After locating "後席を格納すると、これだけの" in the listing below, copy that line and each one after it exactly, ending with the line that has "Dodge F2B-DL-102 Flange".

=====

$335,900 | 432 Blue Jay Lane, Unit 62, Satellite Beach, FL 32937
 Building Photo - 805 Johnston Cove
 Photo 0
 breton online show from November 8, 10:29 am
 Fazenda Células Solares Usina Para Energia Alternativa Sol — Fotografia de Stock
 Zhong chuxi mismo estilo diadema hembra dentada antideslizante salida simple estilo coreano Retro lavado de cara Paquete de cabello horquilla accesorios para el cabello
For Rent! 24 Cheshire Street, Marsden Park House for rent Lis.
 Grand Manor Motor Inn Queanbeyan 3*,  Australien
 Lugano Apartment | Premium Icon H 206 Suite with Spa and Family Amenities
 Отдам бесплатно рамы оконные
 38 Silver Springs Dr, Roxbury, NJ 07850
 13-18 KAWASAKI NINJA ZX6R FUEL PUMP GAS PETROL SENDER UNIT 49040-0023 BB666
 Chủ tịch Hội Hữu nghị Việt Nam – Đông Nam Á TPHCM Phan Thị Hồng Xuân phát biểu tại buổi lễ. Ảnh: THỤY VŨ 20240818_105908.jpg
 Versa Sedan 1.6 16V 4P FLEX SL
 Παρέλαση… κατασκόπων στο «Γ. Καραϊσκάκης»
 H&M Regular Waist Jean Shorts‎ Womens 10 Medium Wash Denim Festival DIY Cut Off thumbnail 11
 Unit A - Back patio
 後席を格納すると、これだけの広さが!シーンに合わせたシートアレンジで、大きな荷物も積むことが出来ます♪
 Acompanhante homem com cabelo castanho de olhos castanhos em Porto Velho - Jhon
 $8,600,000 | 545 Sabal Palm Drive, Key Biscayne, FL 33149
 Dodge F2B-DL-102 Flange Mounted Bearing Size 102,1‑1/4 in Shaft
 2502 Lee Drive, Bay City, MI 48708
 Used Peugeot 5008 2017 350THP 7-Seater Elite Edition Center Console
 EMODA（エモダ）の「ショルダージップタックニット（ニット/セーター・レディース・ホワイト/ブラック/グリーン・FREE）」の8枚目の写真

=====

**THE ANSWER:**
 後席を格納すると、これだけの広さが!シーンに合わせたシートアレンジで、大きな荷物も積むことが出来ます♪
 Acompanhante homem com cabelo castanho de olhos castanhos em Porto Velho - Jhon
 $8,600,000 | 545 Sabal Palm Drive, Key Biscayne, FL 33149
 Dodge F2B-DL-102 Flange Mounted Bearing Size 102,1‑1/4 in Shaft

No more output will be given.